What to produce — Beginning with the first entry, set down each one exactly as shown.
━━━━━━━━━━━━━━━━━━━━
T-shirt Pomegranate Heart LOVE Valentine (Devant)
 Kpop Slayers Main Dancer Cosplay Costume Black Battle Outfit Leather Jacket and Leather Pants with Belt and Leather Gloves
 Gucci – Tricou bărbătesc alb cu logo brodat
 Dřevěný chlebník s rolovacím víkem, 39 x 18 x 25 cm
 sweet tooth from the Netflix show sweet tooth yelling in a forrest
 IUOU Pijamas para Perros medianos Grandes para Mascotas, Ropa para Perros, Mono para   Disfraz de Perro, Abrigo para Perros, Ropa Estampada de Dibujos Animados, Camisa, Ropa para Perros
━━━━━━━━━━━━━━━━━━━━
Answer space —
T-shirt Pomegranate Heart LOVE Valentine (Devant)
 Kpop Slayers Main Dancer Cosplay Costume Black Battle Outfit Leather Jacket and Leather Pants with Belt and Leather Gloves
 Gucci – Tricou bărbătesc alb cu logo brodat
 Dřevěný chlebník s rolovacím víkem, 39 x 18 x 25 cm
 sweet tooth from the Netflix show sweet tooth yelling in a forrest
 IUOU Pijamas para Perros medianos Grandes para Mascotas, Ropa para Perros, Mono para   Disfraz de Perro, Abrigo para Perros, Ropa Estampada de Dibujos Animados, Camisa, Ropa para Perros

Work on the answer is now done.